In this presentation Virginia Woolf Professor Susan Friedman (US) explores what the humanities offer by examining how a hope for a more equitable future can be forged through a creative, even fantastical, engagement with the past. She will discuss the work of Kabe Wilson, a contemporary multimedia artist and novelist, who recycles Virginia Woolf’s A Room of One’s Own.
Cutting up Woolf’s essay into word-pieces, he reassembles these words (and only these words) into a novel titled Of One Woman Or So, by Olivia N’Gowfri (an anagram of Woolf’s name and title). It features a mixed-race queer student at Cambridge who burns down the University Library, but stops short of destroying Woolf’s displayed manuscript, deciding instead to “recycle” it.
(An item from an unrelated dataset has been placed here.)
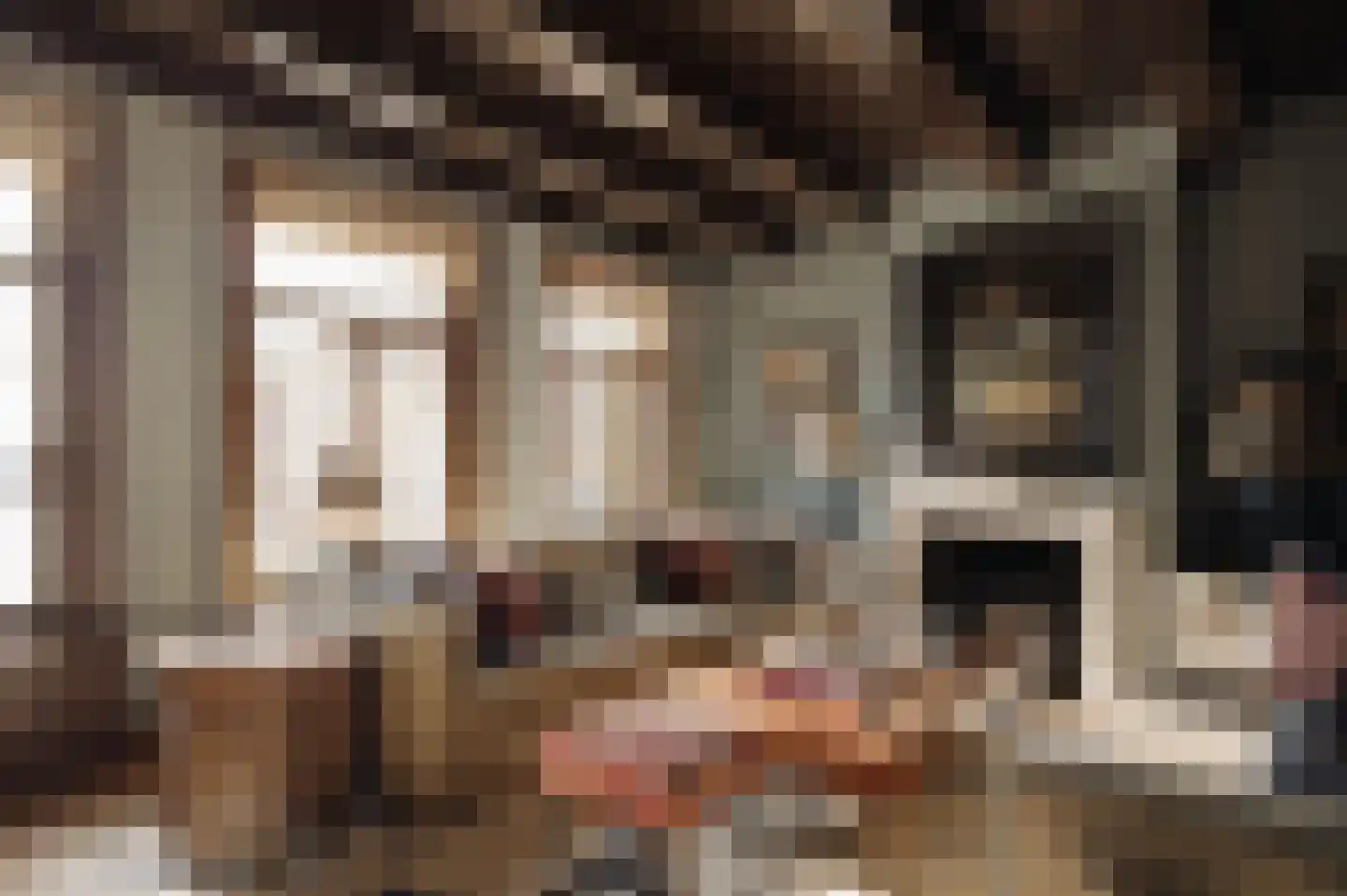 Brouwersgracht 58 Amsterdam thumbnail 13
This “remix” performs a fantastical parable of how feminists today can imaginatively engage with the past to remake a more equitable future—not by burning down or ignoring the past but by making the old new.
This presentation was held before at the GRACE conference in Kingston upon Hull (GB) in May 2016.
Susan Stanford Friedman (US) is Hilldale Professor in the Humanities and Virginia Woolf Professor of English and Women’s Studies at the University of Wisconsin-Madison.